Real-world Case Studies and Examples

• Vita Sciences (Clinical Trial Data Standardization): Focused on automating data standardization for regulatory submission, addressing data inconsistencies and errors (an ETL and data engineering challenge).

• Railcar Parts Inventory Optimization: Aims to reduce inventory costs and optimize maintenance for leased railcars. Involves modeling parts catalogs, costs, repair history, traffic patterns using data like Bill of Materials (BOM).

• Dollar General On-shelf Availability: Tackles lost sales due to items not being on shelves. Involves predicting inventory, comparing shelf availability with sales, and building probabilistic estimates to trigger restocking alarms.
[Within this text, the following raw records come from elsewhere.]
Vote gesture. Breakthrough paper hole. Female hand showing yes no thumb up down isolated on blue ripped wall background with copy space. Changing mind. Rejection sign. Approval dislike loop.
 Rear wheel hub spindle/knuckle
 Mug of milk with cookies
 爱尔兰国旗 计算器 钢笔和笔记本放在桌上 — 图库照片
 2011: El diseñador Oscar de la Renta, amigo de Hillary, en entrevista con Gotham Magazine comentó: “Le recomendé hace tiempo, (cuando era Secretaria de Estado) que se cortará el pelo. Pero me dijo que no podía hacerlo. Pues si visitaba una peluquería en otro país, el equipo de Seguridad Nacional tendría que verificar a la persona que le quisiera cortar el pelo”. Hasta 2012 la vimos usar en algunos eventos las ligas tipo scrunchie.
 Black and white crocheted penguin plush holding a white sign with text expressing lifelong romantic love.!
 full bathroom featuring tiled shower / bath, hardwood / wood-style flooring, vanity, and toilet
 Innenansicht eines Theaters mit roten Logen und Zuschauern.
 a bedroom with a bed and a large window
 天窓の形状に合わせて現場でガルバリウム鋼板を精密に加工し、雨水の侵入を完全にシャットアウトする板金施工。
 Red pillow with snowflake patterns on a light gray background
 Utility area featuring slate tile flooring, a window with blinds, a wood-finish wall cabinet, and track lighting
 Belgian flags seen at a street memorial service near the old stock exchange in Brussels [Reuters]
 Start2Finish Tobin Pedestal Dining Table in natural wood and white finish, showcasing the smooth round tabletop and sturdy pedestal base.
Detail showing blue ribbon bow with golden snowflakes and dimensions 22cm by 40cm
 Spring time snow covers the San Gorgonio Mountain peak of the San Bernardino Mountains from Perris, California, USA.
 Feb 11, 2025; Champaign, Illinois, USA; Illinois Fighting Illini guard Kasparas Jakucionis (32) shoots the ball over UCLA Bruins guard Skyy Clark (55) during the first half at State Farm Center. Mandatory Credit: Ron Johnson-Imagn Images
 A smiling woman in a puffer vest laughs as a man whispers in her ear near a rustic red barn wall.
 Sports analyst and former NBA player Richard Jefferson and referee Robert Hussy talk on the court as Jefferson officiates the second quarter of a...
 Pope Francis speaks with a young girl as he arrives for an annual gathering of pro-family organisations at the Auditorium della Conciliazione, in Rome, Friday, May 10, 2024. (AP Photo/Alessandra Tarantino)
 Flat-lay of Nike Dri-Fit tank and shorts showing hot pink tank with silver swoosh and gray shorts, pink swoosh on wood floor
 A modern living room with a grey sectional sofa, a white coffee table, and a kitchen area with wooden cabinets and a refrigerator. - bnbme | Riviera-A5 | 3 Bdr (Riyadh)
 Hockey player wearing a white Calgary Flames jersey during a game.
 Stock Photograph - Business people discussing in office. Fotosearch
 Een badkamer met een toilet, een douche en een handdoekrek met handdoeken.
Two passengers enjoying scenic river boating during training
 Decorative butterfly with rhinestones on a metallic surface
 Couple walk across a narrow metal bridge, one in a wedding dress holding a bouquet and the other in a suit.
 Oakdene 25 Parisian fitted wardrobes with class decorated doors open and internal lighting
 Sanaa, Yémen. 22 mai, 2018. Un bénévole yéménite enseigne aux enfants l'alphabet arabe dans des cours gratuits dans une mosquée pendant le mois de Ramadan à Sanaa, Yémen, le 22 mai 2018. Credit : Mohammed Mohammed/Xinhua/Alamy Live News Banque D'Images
From Problem Framing to Solution: The ML Workflow and Data Considerations

• Core Workflow Steps:

  1. Define objective.

  2. Assess situation (data availability, constraints).

  3. Plan and scope (deliverables, success criteria, tight scope).

  4. Document data (dictionary, schema).

  5. Conduct feasibility and cost-benefit analysis.

  6. Develop and test models.

  7. Plan deployment and adoption.

  8. Manage organizational change and data literacy.

• Key Practical Considerations:

  • Data Quality and Availability: Often more critical for project feasibility than algorithmic complexity.

  • Model Interpretability: Simpler models (like linear regression) are valuable for explainability in regulated industries.

  • Compute Costs: A significant and often underestimated budget component.

  • Business Alignment: Crucial for successful deployment and integration.

Feasibility, Scope, and Success Criteria in AI Projects

• Feasibility: Addresses data access and quality, integration with legacy systems, compute resources and budget, and regulatory compliance.

• Tight Scope of Work: Essential to prevent scope creep, maintain realistic timelines/budgets, and clearly define measurable success.

• Success Metrics: Go beyond simple ROI to include productivity gains, enterprise adoption, end-user improvements, and robust governance models.